SAN ANTONIO, Texas — After 22 years and two generations (not counting the T100, a full-sized truck Toyota produced for eight years before the Tundra), Toyota has finally produced a pickup that can challenge its rivals: the new 2022 Toyota Tundra. It’s a wonder that it’s taken so long, but execs say it’s due to the company’s desire to merge three international full-size truck platforms into one, rather than home office hubris.
Yet this time, the task of designing and engineering the 2022 Tundra fell to Americans, not the Japanese. The result? The first Toyota full-size pickup that seriously challenges Detroit’s bestsellers, one that’s far better than previous models, which called to mind the Texas put-down, “all hat, no cattle.” The Tundra is even built in San Antonio, Texas, while its engine is manufactured in Huntsville, Alabama.
It also explains the new Tundra’s boldly threatening look, which is far more aggressive than previous models and looks at home alongside its smaller Tacoma sibling. In fact, the Tundra’s new design was inspired by the Marvel Comics superhero Iron Man.
“We knew we needed to take a huge step in overall boldness and strength,” said Kevin Hunter, president of Calty Design Research, Toyota’s North American design studio. “The size really isn’t any bigger, but the massing, the sculpture, the three-dimensional aspect of this truck is way beyond where the current truck is.”

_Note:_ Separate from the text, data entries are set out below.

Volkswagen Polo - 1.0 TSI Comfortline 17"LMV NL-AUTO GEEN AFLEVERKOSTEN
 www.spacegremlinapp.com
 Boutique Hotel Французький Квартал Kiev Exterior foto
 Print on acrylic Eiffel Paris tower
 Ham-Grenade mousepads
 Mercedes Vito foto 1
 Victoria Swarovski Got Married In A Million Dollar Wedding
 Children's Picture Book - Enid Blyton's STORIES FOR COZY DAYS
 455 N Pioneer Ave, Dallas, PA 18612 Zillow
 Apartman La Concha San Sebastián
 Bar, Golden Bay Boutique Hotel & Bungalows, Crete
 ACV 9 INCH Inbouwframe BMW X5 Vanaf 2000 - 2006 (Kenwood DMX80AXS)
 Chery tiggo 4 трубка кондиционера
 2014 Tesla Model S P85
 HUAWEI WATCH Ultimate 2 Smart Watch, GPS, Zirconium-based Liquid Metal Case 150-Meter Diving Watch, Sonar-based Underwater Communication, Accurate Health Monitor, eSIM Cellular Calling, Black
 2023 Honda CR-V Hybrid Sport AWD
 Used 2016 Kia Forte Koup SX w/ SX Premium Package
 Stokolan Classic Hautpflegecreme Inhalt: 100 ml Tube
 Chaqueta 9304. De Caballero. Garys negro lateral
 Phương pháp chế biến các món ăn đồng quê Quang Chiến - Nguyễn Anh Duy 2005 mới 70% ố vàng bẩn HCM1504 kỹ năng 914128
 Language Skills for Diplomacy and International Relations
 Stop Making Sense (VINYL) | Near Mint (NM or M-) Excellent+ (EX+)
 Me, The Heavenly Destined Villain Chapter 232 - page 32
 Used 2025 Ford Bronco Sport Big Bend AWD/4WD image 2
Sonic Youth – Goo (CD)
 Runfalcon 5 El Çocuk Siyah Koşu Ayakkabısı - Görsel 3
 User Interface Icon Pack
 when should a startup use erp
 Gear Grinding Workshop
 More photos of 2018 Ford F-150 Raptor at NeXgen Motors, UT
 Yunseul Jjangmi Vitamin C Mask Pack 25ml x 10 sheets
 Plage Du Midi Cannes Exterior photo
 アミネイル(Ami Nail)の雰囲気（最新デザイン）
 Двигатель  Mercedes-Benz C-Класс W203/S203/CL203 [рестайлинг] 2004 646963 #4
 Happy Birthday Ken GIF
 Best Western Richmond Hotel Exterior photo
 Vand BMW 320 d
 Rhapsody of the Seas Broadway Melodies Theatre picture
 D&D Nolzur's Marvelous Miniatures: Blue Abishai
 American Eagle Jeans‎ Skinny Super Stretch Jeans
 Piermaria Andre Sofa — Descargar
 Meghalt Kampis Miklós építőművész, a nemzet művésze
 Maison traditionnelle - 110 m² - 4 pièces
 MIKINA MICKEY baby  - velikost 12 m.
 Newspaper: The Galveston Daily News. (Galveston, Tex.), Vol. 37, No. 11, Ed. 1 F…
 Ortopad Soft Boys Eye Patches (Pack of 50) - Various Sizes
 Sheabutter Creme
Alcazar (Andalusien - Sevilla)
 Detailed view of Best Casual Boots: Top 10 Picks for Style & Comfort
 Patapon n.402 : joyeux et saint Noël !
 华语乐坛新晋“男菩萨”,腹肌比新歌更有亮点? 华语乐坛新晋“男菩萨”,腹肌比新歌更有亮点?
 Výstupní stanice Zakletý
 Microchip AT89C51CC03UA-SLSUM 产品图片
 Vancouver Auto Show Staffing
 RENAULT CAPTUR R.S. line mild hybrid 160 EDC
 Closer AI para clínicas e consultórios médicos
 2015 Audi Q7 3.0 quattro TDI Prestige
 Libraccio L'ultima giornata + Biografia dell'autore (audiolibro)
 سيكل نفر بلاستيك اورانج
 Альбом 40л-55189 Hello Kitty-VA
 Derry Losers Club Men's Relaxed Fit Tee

Offered in SR, SR5, Limited, Platinum, 1794 and TRD Pro models, each 2022 Tundra is decked out with different exterior trim and four doors — smaller rear ones on the Double Cab, with a 6.5-foot or 8.1-foot bed, or full-size ones on the CrewMax, with a 5.5-foot or 6.5-foot bed. The bed is made from sheet-molded compound, and its tailgate can be opened with the truck’s key fob. However, it lacks the integrated bed step or in-bed storage bins found in competing pickups, although the truck is now built using a fully boxed ladder frame, with frame crossmembers more than doubled in size for added reinforcement.
Inside, you’ll find a very spacious cabin — particularly on CrewMax models, which boast a rear seat with limousine-like legroom. As you progress up the food chain, each iteration gets more and more opulent, although top trim levels seem to overplay the luxury card. This makes the Limited trim level an ideal choice when it comes to ambience. The wide center console has plenty of space for any number of items, but a column-mounted transmission shifter would be appreciated, as the rotary transmission dial takes up space that could be used for other things.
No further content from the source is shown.